Rising Rig Count Is Pushing OPEC To Breaking Point


Tyler Durden's picture

For the 9th straight week (and 35th of the last 37 weeks), the US oil rig count rose this week (surging by 14 to 631 – highest since September 2015).

The rig count continues to track the lagged WTI price

 

US Crude production has accelerated at a faster pace than the lagged rig count

 

And that is pushing OPEC to the breaking point:

  • *OPEC COMMITTEE SAID TO SEE COMPLIANCE WITH CUTS OF 106% IN FEB
  • *JOINT OPEC, NON-OPEC COMPLIANCE SEEN AT 94% IN FEB.: DELEGATES
  • *CUTS COMPLIANCE BY NON-OPEC ALONE SEEN AT 64% IN FEB.: DELEGATE

Who’s the sucker at that table?

As OilPrice.com’s Michael McDonald points out, the trend in the United States of accelerating oil production does not seem to be slowing down. Recent reports show that oil production from U.S. shale producers will increase in April, according to the Energy Information Administration. High market prices are currently being supported by OPEC cutbacks, and these higher profits are funding the growth of American drilling.

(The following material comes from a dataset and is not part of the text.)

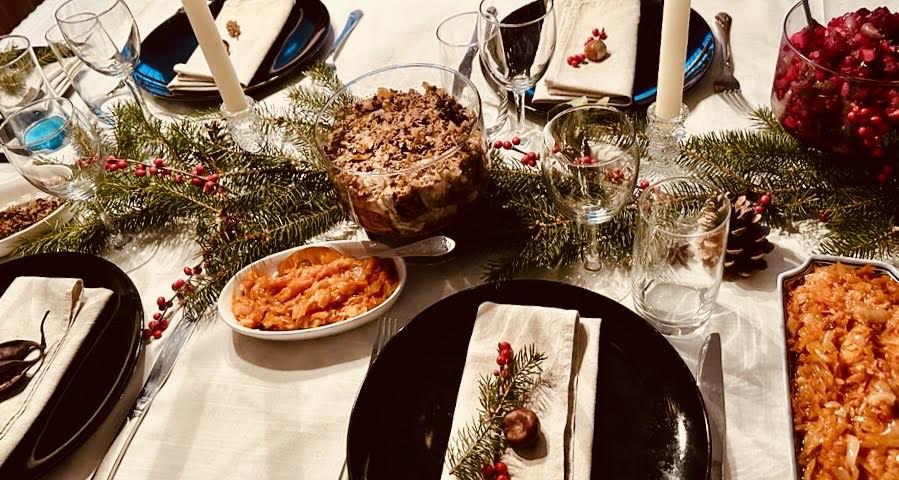 Table setting for Lithuanian Christmas Eve dinner. White tablecloth is crucial, this signifies rebirth. Table decorations are natural and recall nature.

The release from the EIA predicts that net oil production will increase by 109,000 barrels per day in April. The seven major oil and gas basins that were included in the report will then have an output over nearly 5 million barrels per day collectively.

The monthly projections from the EIA have been climbing month after month since December. That month, 11 large oil exporting countries joined the supply cuts established by OPEC to control what they believed was an oversupplied market for crude oil.

In the United States, the main benefactors have been drillers at the Permian Basin, in Western Texas and southern New Mexico. The basin has been producing high volume since the end of 2016. The EIA expects the Permian drillers to see a gain of 70,000 barrels per day next month in their projections.

However, the Permian Basin is not the only United States site trying to capitalize on high prices. Drillers in southeast Texas, the Eagle Ford region, have also been ramping up production. Those drillers will amount for an increase 28,000 barrels per day in the EIA’s overall growth projections. Prior growth expectations for Eagle Ford producers was half on that number, at an increase of 14,000 barrels per day; the growth is not only steady, but is accelerating.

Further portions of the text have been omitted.